TASK BRIEF =>
Transcribe exactly the stretch of lines beginning at the one containing "San Lorenzo se" and closing with the last line of the entries below. Omit images.

Dataset excerpts:

++++

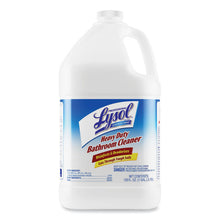 Load image into Gallery viewer, Disinfectant Heavy-Duty Bathroom Cleaner Concentrate, Fresh Lime Scent, 1 gal Bottle
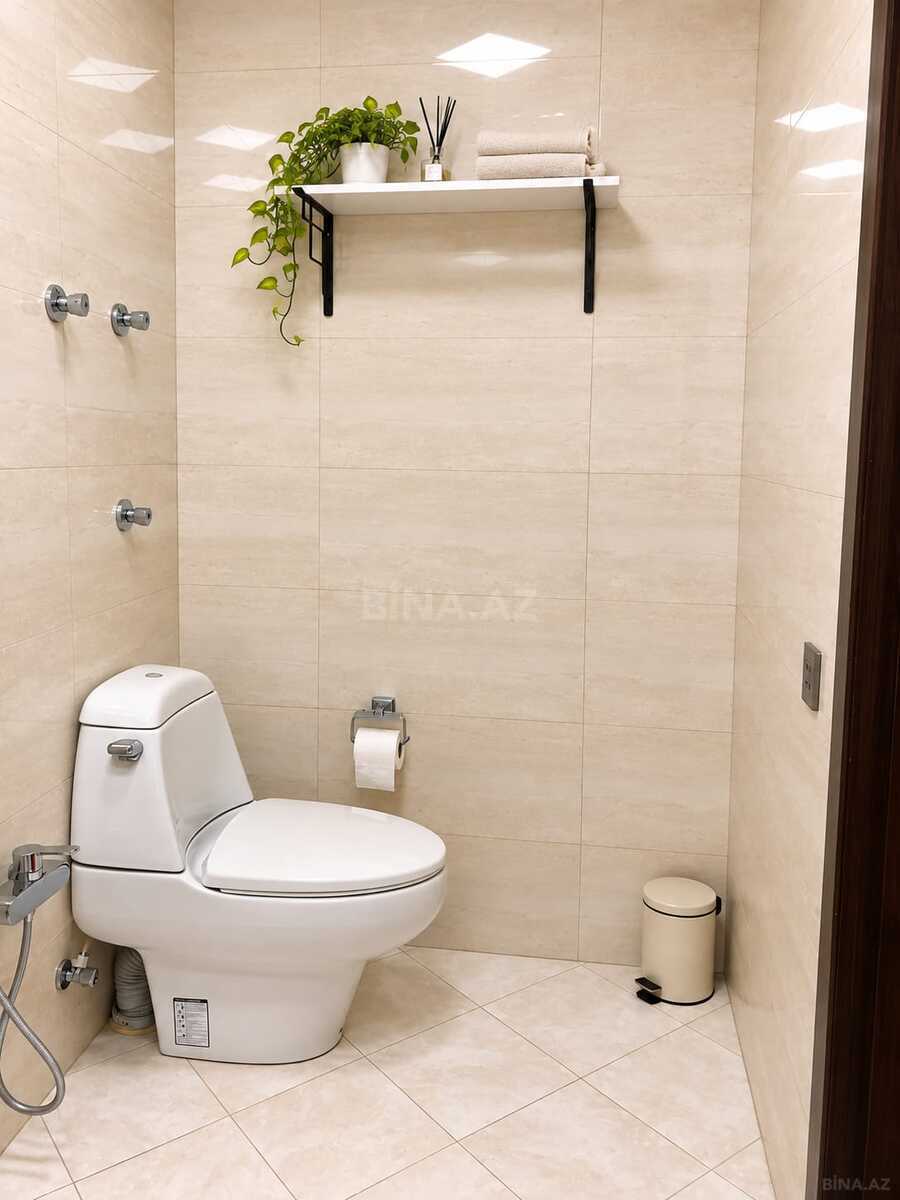 3 otaqlı Yeni tikili, Nizami m., Bakı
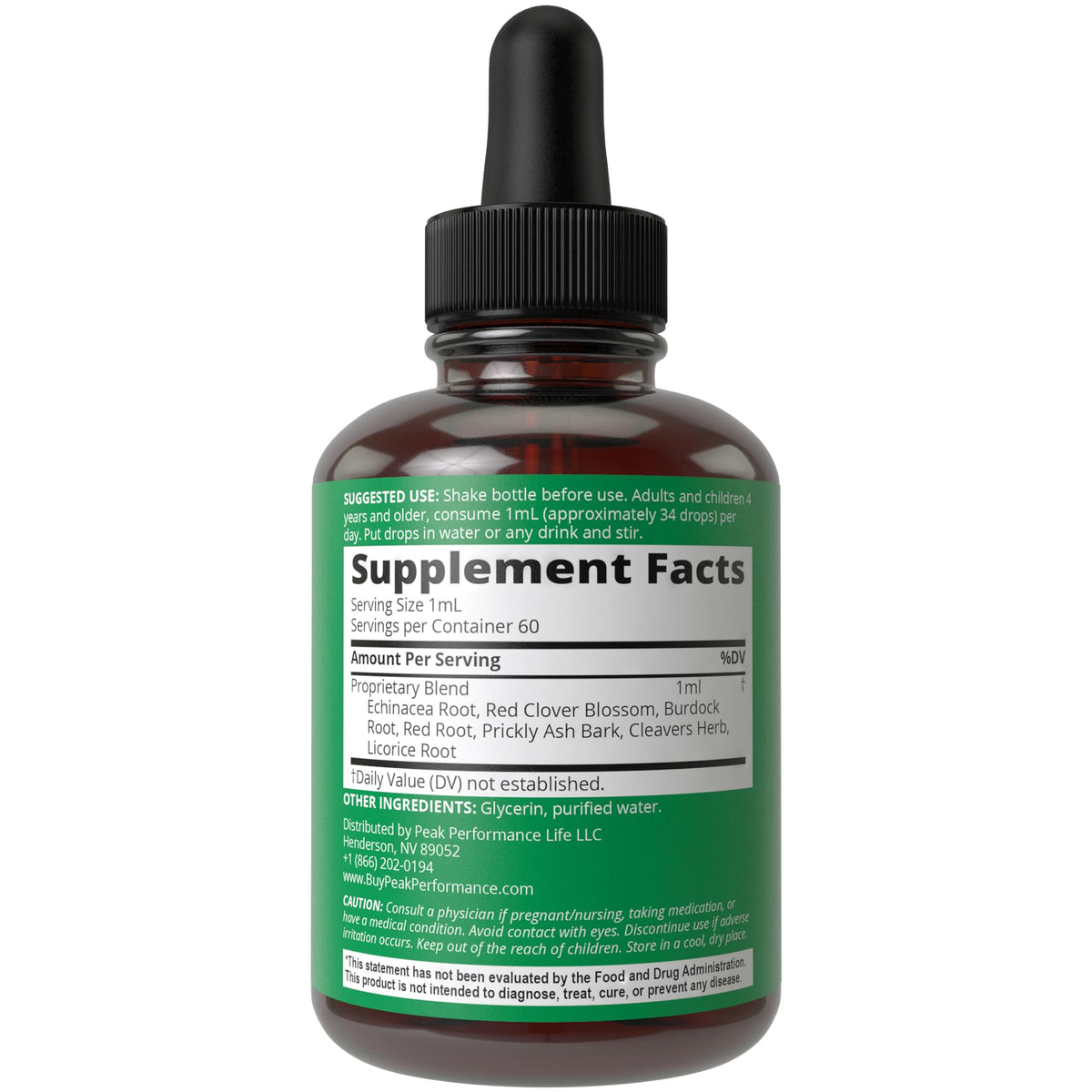 Lymphatic Drainage Drops. Sugar Free 7-in-1 Lymph Detox And Cleanse Support Peak PerformanceBuy Supplements Australia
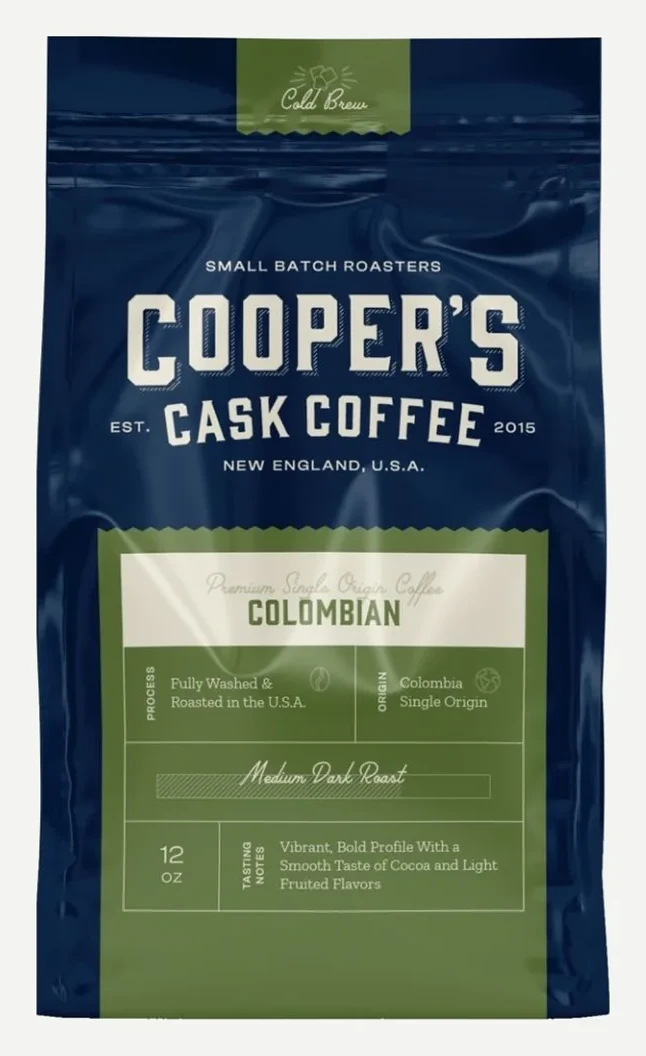 Cooper's Cask Colombia Cold Brew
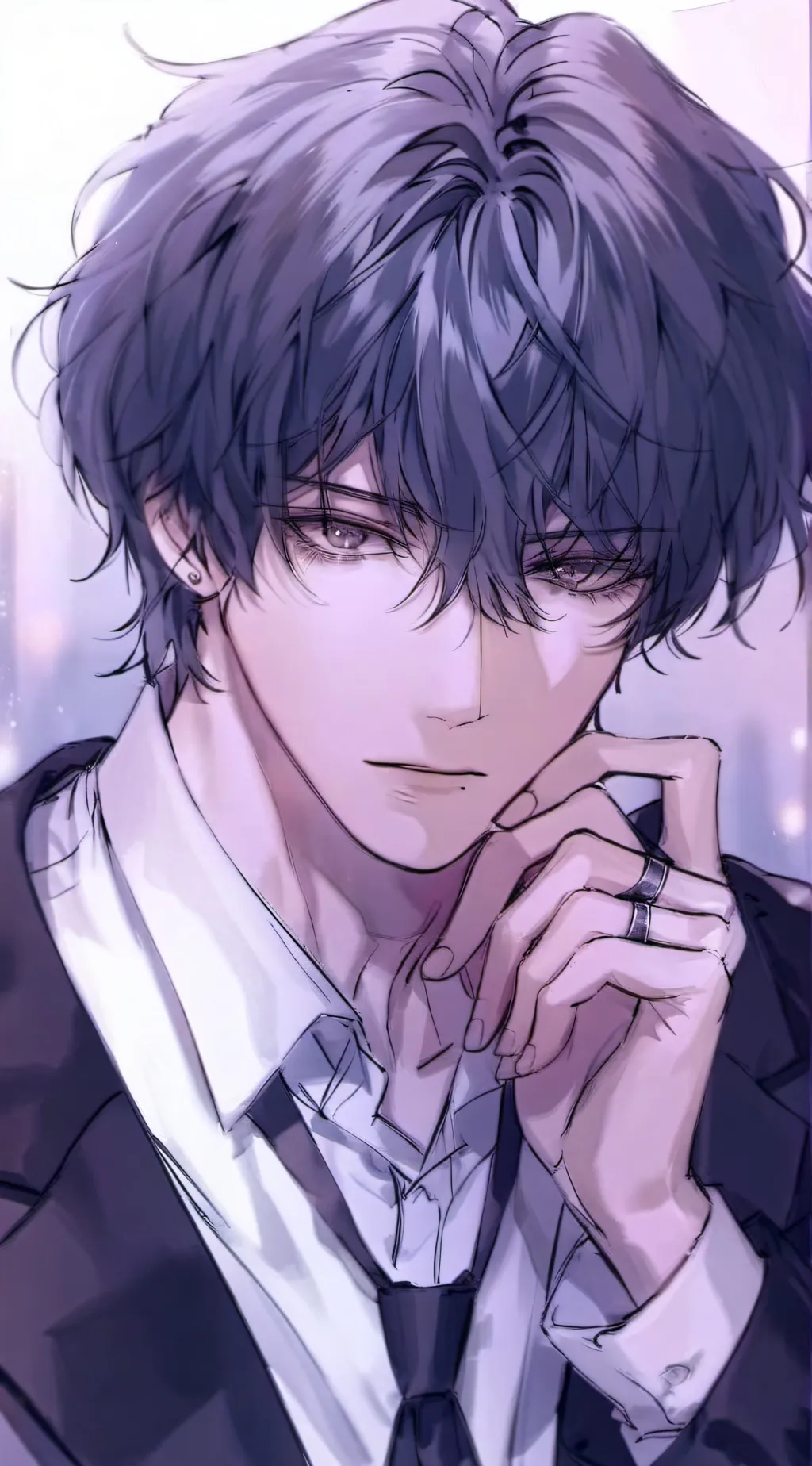 ai character: Lavine background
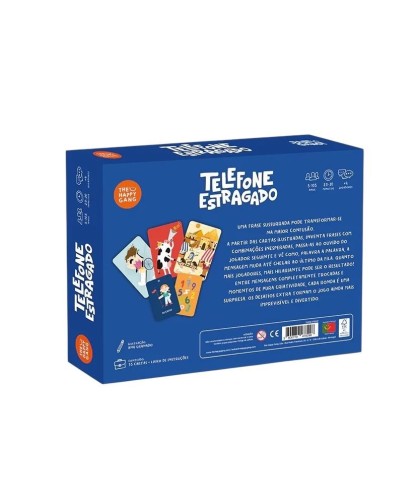 The Happy Gang: O Telefone Estragado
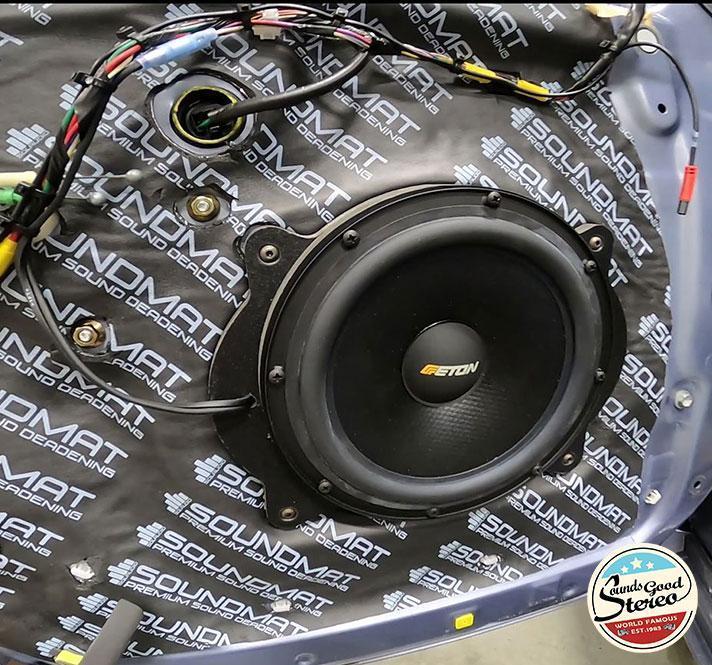 Toyota Custom Made Speaker Adapters - 6x9 to 8-inch - Sounds Good Stereo Online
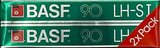 2 pack BASF LH Super I 90 Type I Normal 1985 Europe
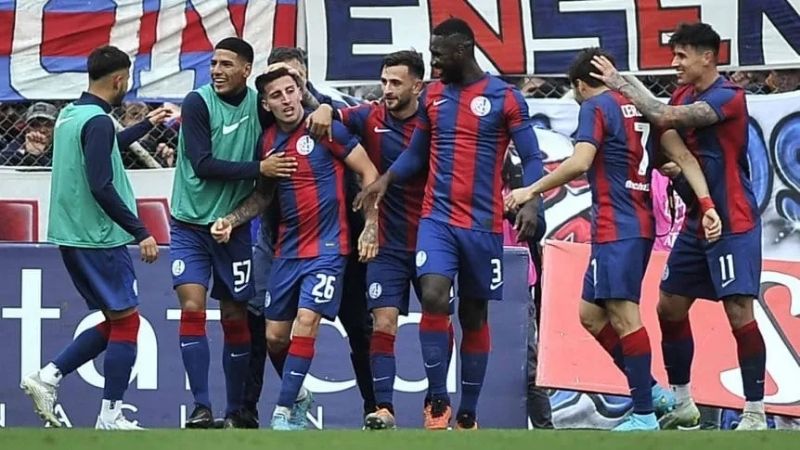 San Lorenzo se lo dio vuelta a Boca y le ganó 2 a 1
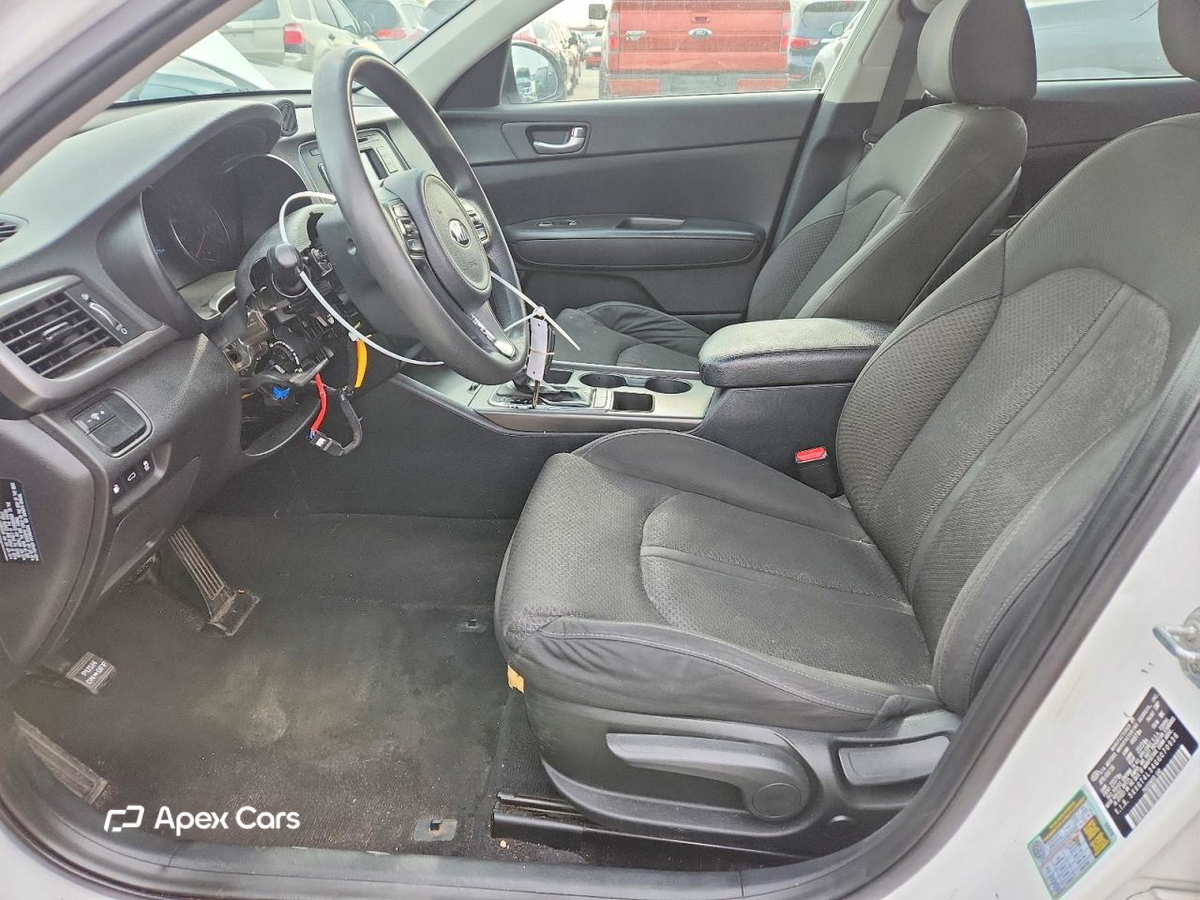 Kia Optima 2016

++++

RESPONSE FOR THIS EXERCISE =>
 San Lorenzo se lo dio vuelta a Boca y le ganó 2 a 1
 Kia Optima 2016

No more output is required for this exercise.